§ What you need to do
Among the entries, find each line that includes the string "base" and list it.

§ Scraped caption text data
+++

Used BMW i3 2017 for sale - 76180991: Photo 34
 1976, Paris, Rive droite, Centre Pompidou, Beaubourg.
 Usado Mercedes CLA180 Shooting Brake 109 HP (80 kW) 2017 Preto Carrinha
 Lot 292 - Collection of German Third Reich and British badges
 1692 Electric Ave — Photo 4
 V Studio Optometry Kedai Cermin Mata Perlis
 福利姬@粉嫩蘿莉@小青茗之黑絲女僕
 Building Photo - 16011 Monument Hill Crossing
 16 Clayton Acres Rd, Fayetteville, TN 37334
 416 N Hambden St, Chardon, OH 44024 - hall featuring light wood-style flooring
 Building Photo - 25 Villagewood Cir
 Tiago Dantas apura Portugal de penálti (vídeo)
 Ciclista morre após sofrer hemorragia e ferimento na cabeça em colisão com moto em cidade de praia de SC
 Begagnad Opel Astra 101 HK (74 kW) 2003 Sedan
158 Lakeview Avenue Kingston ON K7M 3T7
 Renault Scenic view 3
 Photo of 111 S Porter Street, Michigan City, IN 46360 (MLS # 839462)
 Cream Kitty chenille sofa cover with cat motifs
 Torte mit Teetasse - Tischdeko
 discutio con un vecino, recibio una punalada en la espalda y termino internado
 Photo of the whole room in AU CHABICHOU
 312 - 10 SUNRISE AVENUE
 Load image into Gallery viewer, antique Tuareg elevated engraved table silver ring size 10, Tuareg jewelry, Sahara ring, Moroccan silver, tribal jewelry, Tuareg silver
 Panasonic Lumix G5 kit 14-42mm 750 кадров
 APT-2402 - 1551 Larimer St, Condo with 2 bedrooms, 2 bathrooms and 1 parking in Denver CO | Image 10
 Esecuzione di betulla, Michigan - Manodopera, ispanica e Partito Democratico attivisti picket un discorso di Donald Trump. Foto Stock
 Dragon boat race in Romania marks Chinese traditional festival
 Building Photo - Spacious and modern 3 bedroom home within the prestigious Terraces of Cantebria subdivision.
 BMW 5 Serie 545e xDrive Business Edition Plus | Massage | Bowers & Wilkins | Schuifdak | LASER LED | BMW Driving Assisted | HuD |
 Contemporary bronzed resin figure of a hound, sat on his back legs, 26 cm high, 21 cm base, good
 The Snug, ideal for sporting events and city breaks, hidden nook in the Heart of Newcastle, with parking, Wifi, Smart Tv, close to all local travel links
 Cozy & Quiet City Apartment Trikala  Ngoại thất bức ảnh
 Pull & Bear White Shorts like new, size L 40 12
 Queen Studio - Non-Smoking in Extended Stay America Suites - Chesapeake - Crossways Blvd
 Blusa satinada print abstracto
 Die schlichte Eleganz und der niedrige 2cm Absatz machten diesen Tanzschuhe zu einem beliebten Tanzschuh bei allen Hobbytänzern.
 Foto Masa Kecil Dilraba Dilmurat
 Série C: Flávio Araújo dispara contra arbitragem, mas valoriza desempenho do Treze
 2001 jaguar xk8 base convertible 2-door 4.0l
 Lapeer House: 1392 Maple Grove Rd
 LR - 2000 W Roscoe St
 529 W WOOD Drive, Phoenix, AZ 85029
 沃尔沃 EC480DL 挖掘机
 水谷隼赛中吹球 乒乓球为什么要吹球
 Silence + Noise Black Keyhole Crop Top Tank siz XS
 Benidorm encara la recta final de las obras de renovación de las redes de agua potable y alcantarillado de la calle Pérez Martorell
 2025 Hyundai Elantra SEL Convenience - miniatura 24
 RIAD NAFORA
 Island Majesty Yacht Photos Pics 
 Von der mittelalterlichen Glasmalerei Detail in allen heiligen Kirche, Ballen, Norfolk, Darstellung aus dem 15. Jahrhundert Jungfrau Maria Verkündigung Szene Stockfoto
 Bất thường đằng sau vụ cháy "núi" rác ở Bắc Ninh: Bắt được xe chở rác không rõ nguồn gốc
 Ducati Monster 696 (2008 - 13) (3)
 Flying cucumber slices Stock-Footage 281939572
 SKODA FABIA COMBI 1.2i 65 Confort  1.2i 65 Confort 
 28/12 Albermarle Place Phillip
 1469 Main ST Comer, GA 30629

+++

§ The answer
 Contemporary bronzed resin figure of a hound, sat on his back legs, 26 cm high, 21 cm base, good
 2001 jaguar xk8 base convertible 2-door 4.0l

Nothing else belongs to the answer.